Which technique for grouping many columns of data together (i.e. 50+ columns)

markgraylish · February 11, 2020, 11:29pm

I have some employee data in a csv file (approx 170,000 rows and 60 columns wide) and I need to “condense” the data to summarize the unique rows.

Very simple example:

Employee Department Status WageType
John Department 1 Full time Salaried
Joe Department 1 Part time Salaried
Joanna Department 2 Full time Salaried
Jeff Department 2 Full time Salaried
Jessie Department 1 Part time Hourly
Jenny Department 1 Part time Salaried
Jamal Department 1 Part time Salaried

Ideally, I’d like something like this, with the actual employees grouped together where all the selected attributes match, with the list of employee names comma or pipe-separated in one column (plus a count of the unique rows)
Department Status WageType Employees
Department 1 Full time Salaried John
Department 1 Part time Salaried Jamal, Jenny, Joe
Department 1 Part time Hourly Jessie
Department 2 Full time Salaried Jeff, Joanna
Count of rows: 4

Alternatively, if this is significantly easier, a count of the number of employees with matching selected attributes would work (preferably this count would allow a drill down to the actual employee names like a pivot table)
Department Status WageType Count of Employees
Department 1 Full time Salaried 1
Department 1 Part time Salaried 3
Department 1 Part time Hourly 1
Department 2 Full time Salaried 2
Count of rows: 4

For context, there are about 50 different attributes to be checked.
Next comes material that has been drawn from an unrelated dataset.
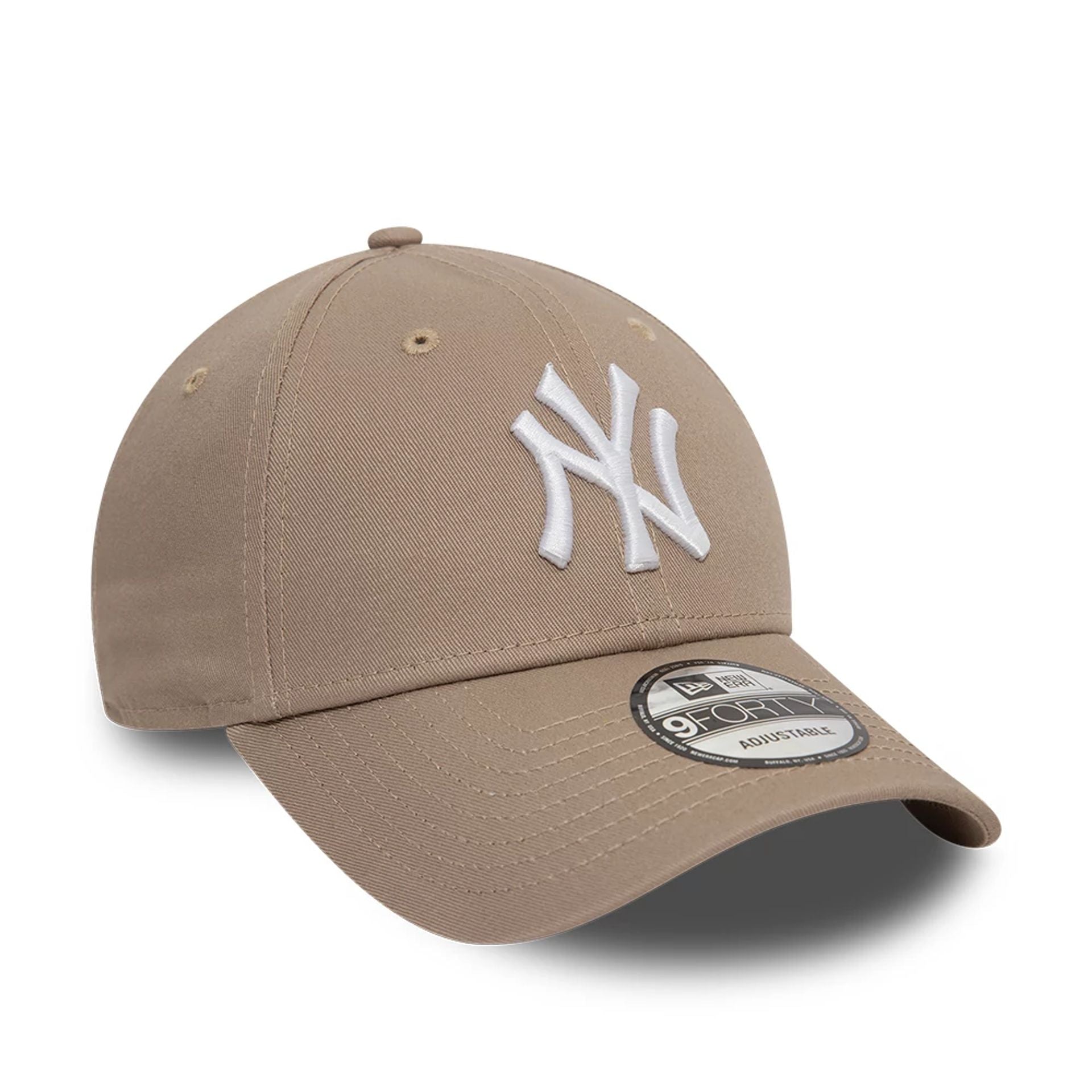 New Era New York Yankees League Essential Pastel Brown 9FORTY Adjustable Cap - Cap On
What would be the best technique for this, bearing in mind the (large?) number of different attributes to be checked? Neither the group or aggregate transformation steps appear practical.
This isn’t ‘live’ data, it isn’t particularly volatile and this is a ‘one-off’ exercise I need to do so ultimate efficiency is not a requirement…

Thanks in advance

dgudkov · February 12, 2020, 12:02am

Hi Mark,

if you don’t want to check all the groups in the “Aggregate” action (which can be tedious), you can use the “Enumerate groups” action to enumerate all possible combinations of selected fields. Then do aggregation by the group number.

In this fashion, it should be easy to work with large number of dimensions without the need to tick a checkbox for every dimension. See below a sample project that does it with your sample data.

many-group-aggregation.morph (5.6 KB)

markgraylish · February 12, 2020, 12:51am

Thanks for the speedy response and the useful sample project file Dmitry!

dgudkov · February 12, 2020, 7:55am

You’re welcome!